A MESSAGE FROM A HERMIT

"You English have served man very well with your intellect, giving him many things he needs, the solutions of many problems that have made life easier for everyone. Now you should do another work: to understand and to tell the world of the inner truth, the truth of the heart, as well."
[Elder Paisios speaking to Robin Amis; Mount Athos]

"The dayspring from the East has visited us on high."
[Elder Paisios - 'With Pain and Love for contemporary man.' p78]
 
  "Those who acquire sanctity bring salvation to other people around them." [Elder Paisious]

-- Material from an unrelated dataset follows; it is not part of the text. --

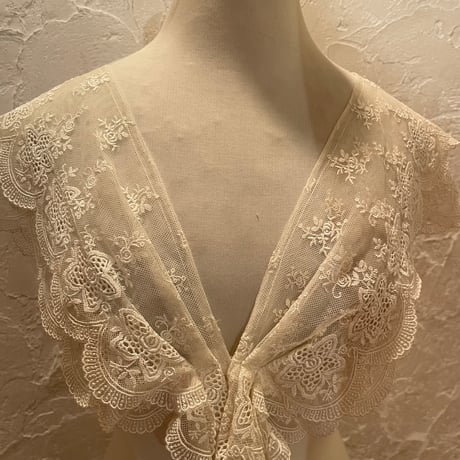 collar 120[na179]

Elder Paisios at Mt. Athos       I once knew an 'elder' - a Christian hermit in his cottage on Mount Athos - and he was known to understand the faith in his 'heart', in the way the early saints knew it, and he gave me a message for the English-speaking world; his message was made necessary because today most of us understand our Christian faith in a way very different from how the saints of the first few centuries understood it.

THE HERMIT'S MESSAGE

      The first time I met one of these inaccessible elders, in his hermitage on Mount Athos, he gave me a message for the English-speaking world; a message made necessary because today most of us understand our Christian faith in a way very different from how he understood it.
        Let me begin from something that may be familiar to a few of my readers.  I was speaking about the same hermit when I wrote about this before, in my book A Different Christianity.   He had paused to allow me to prepare for what he had to say.  We were sitting in his simple cell among the wooded slopes of Mount Athos as he continued, "You English have served man very well with your intellect, giving him many things he needs, the solutions of many problems that have made life easier for everyone." 
       He paused to let the young interpreter render his words to me, then continued, and as he did so I looked around the room.  Benches made of simple planks lined two sides, those nearest the cast-iron stove softened by folded blankets; an iron bedstead was on a third side, and the iron stove on the fourth.  The interpreter continued to repeat the hermit's message - as I shall do here.  He continued:  "Now you should do another work: to understand and to tell the world of the inner truth, the truth of the heart, as well." 
 
       The conversation continued for some time after that, but everything that was said was overshadowed by the enormity of the message, the impossibility of ever fulfilling this charge.
       The question, of course, came directly from that 'truth of the heart'.  People happily talk about the heart, but when you ask someone something specific about this 'heart', they become suddenly silent, especially if you are talking about the heart of the psyche, and not about the physical body.   And in 1983, when this conversation actually happened, on the second of my many visits to Mount Athos, when I walked off into the mountain pastures to speak with this truly spiritual Christian hermit, a man known there as a 'pneumaticos' - the Greek Church's word for 'a man of the Spirit' - their term for such an 'elder', at that time the meaning of this concept was even less clear than it would have been today.  When he gave me this message, he expressly told me I should pass it on to the English.  Put baldly, as it was given, his words have until now proved so difficult for me to convey that the task continues to the present day.  This is because as a message it only makes sense to somebody who knows the complete picture - not only the inner or psychological facts, but also how these relate to the conclusions too easily drawn by eye and ear alone.  I'll be honest; before I could pass on this message, it has taken me a long time to know what to say, so I have been slow to pass it on.
        The problem is that in the way the early Church would have seen it, and despite our belief in our 'progressive world view', perhaps to a greater degree even than was true then, modern man is described as fallen man, made in the image of the biblical Adam.  We are fallen psychologically, even if in the simple sense that the faculties and qualities which we were given at our birth have not all been fully developed.  But we can also overcome our fallen condition, and that was the message the hermit gave me to pass on.